Pallav Mohapatra, Managing Director & Chief Executive Officer, Central bank, talks about the third-quarter results of the bank, PCA list and recoveries among others during a chat with Anurag Shah, Zee Business. Edited Excerpts:
This is the third quarter when the Central Bank of India has posted good results. Let us know about the strategy and the changes?
We have focused on the ways to expand our loan book in retail, agriculture and MSME. Gross disbursement has been done by the bank, however, there is a de-growth because the repayment is stuck, we get good interest income from it.
Secondly, our liquidity coverage ratio is very strong.

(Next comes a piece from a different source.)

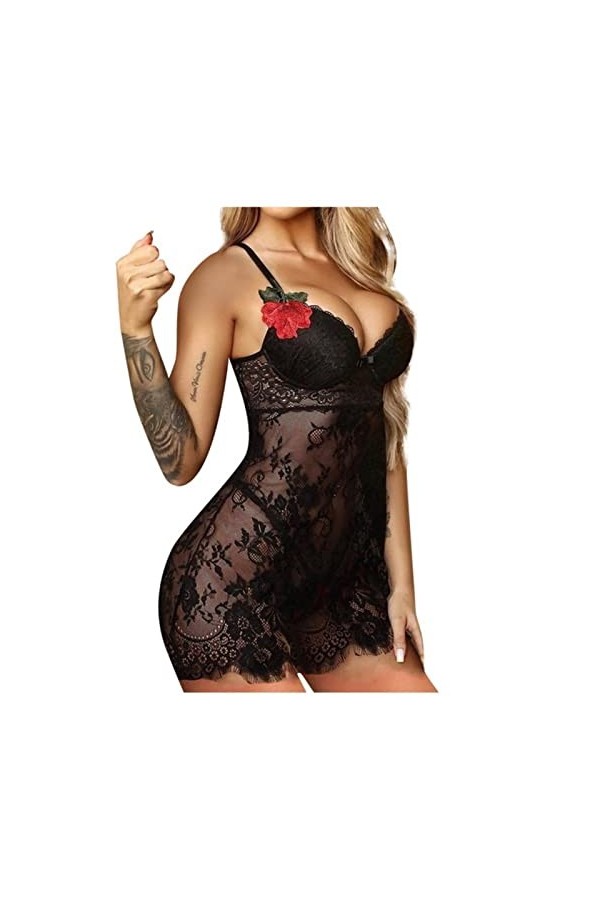 SHANHE Mesdames Lingerie Pyjama Brodé Dentelle Florale Femme Pyjama Babydoll Dentelle Maille Pyjama Sexy Mini Chemise de Nuit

Previously, most investments were done overnight which used to result in lesser yield. Later, we started analyzing where to invest for a better yield on a daily basis. The churning of the portfolio is based on acquiring “trading” profits. There have been some great recoveries in return of accounts, which had its contribution to our incomes, which has increased. Increase in CASA – a strong franchise of the bank – has reduced our cost of deposit of the bank, which has increased our NIM by 2.92%.
How much recovery was made in the December quarter and what amount can be recovered in the March quarter? Also, let us know about the slippages that the bank has seen in this quarter?
The recovery done this quarter are:
a) NPA account: Rs 1,273 Crore.
b) Return of accounts: Rs 520 Crore.
However, the slippages in this quarter stood at Rs 3,998 Crore and it was a result of RBI’s March 31, 2019 divergence report, which led to downgrading those accounts in this quarter. This had an impact on our slippages.
Do you believe that you will be able to pull out your bank from the PCA list by end of this financial year?
The bank is trying its best. We have been able to get out of three parameters of the four. Only, the net NPA that should be below 6% is a bit problematic but they are continuously working to bring it below 6% to ensure that we get out of the PCA list.
What are your plans related to retail growth? Also, update us on your talk related to the inclusion of new technological innovations in the bank?
Three things are there and they are (i) change in the process, (ii) change in the product and (iii) we look forward towards the ways to use the technology to mitigate our turn-around time and risk. That’s why we are rationalizing the product as well as the process (manually). When it comes to technology then the talks are on with Syntax to make sure that the best in class technology that is available in the market, so that we can lend maximum loan in the MSME and retail segments as it will provide a good yield to us and reduce the stress on the bank.
Can you provide the number of non-core assets which were sold by the bank in December quarter?
The bank hasn’t sold any non-core assets in the third quarter but may sell some immovable properties in Q4.